Richard Kraft is a Senior Principal Hydrogeologist based in California with more than 25 years of experience focused on diverse hydrogeologic and environmental investigation and remediation.
Rich stands at the forefront of emerging environmental issues, especially where alleged chemical impacts or potential threats to drinking water supplies result in legal action. As state and federal regulations require drinking water supplies to be tested for a broader array of chemicals, and at lower detection limits, the "new" detection of chemicals in drinking water supplies can be a driver for legal action that requires Fortune 500 firms to defend themselves.
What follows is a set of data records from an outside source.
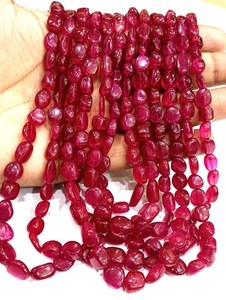 Collier de perles en pierre de rubis naturel irrégulier de forme pépite Eminent Jewel, 8 à 13 mm, perles rouges sanglantes polies du Rajasthan - Product Image 2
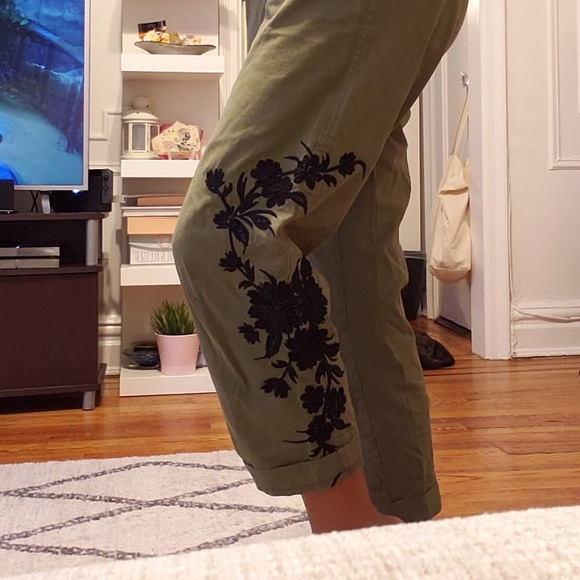 Pant - Picture 3 of 5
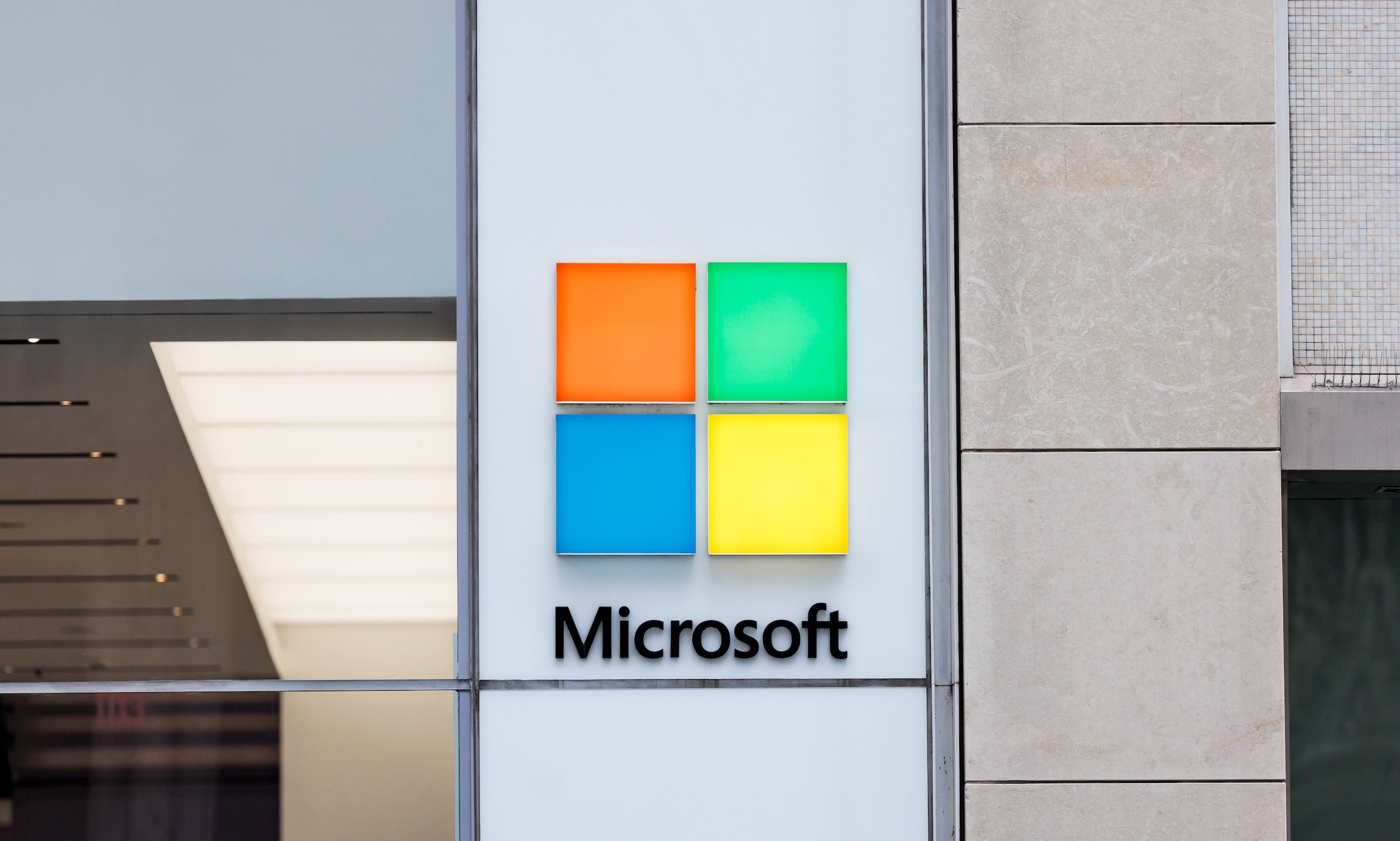 Slack, propiedad del fabricante de software de negocios Salesforce, alegaba que Microsoft abusaba de su posición de dominio para eliminar a la competencia.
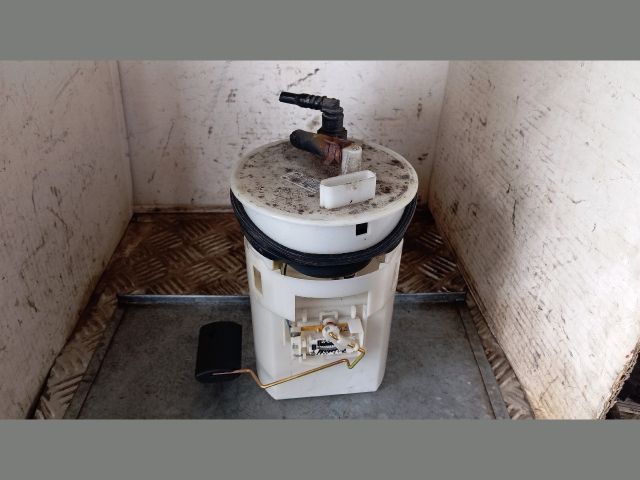 bontott HYUNDAI COUPE Üzemanyag Szivattyú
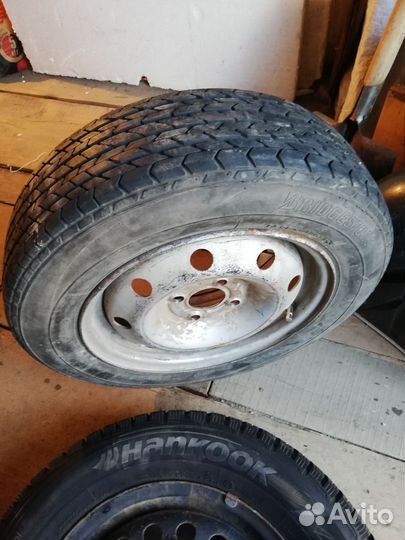 Продам 3 колеса, 2-зимние R15, и одно-лето R14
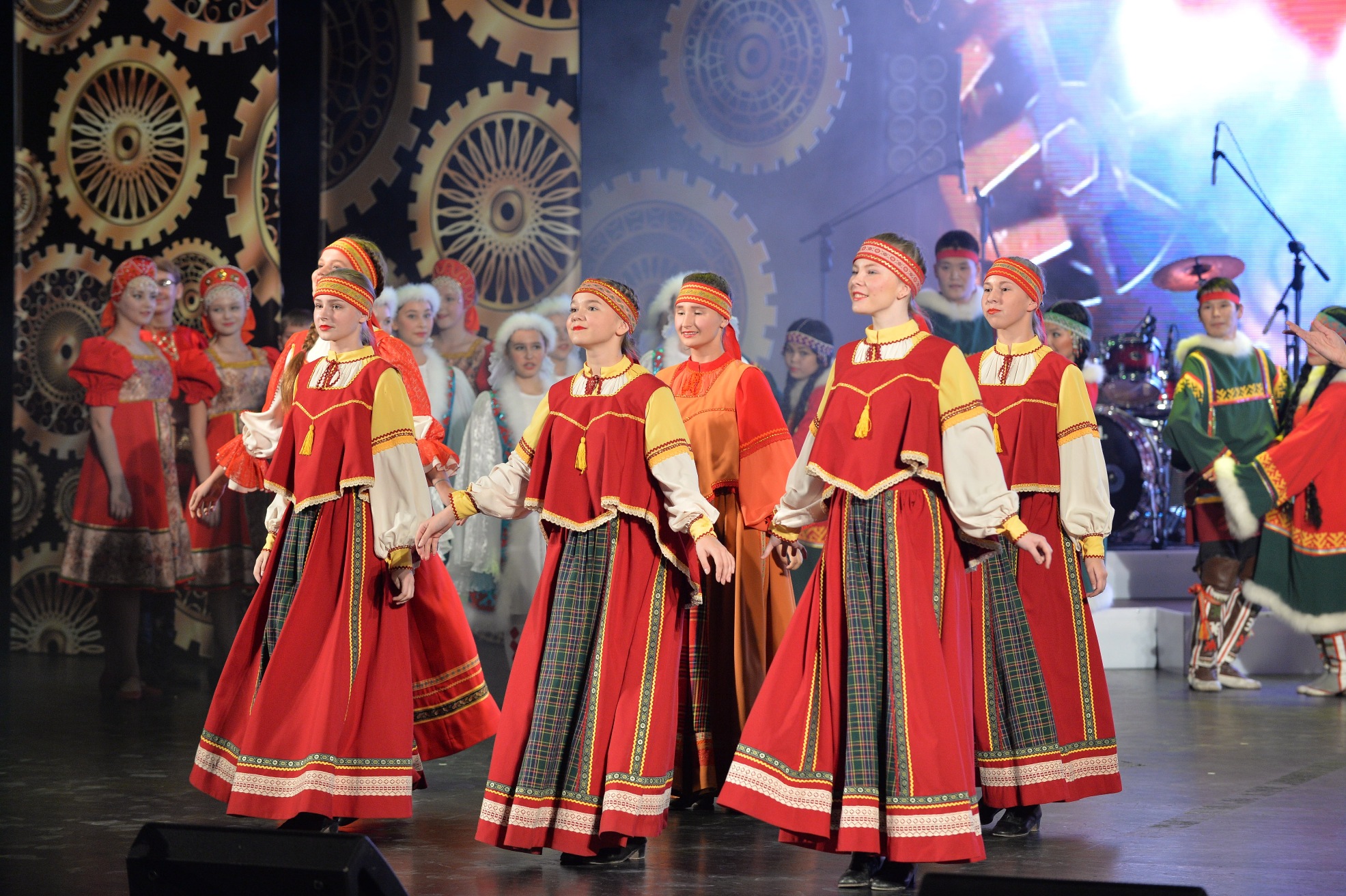 звание заслуженный коллектив народного творчества. вензеля пенза ансамбль руководитель. звание заслуженный коллектив народного творчества. звание хореографического коллектива. звание заслуженный коллектив народного творчества.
He provides counsel with forensic analyses to evaluate their situation and to assist with response strategies.
For the past 15 years, he has specialized as a litigation consultant for attorneys at national law firms and for in-house counsel at major industrial concerns. Rich has worked on more than 25 legal matters that involve evaluating potential environmental impacts to soil, surface water, and groundwater (including regional drinking water supplies). He has evaluated more than 100 operating facilities or closed sites where potential chemical releases to the environment were suspected or alleged, including military facilities, hazardous and sanitary landfills, burn dump sites, industrial facilities, underground storage tank sites, agricultural facilities, wastewater treatment facilities and natural deposits. The materials involved in these investigations include solvents, metals, petroleum fuels, rocket fuels, pesticides and fertilizers.
In this role as a litigation consultant, Rich may be asked by counsel to evaluate the nature and extent of alleged chemical impacts to the environment as well as potential sources for the alleged impacts. Rich uses a variety of forensic technical analyses to perform such evaluations, including geochemical fingerprinting of source materials and breakdown products; analyzing migration in the vadose zone and groundwater (e.g., numerical modeling); evaluating potential natural and anthropogenic chemical sources; distinguishing impact contributions from point and non-point sources; and evaluating the timing and geographical distribution of the chemical use in the area. In addition to his legal support practice, Rich has served as a project manager and provided technical direction for projects at a wide range of sites.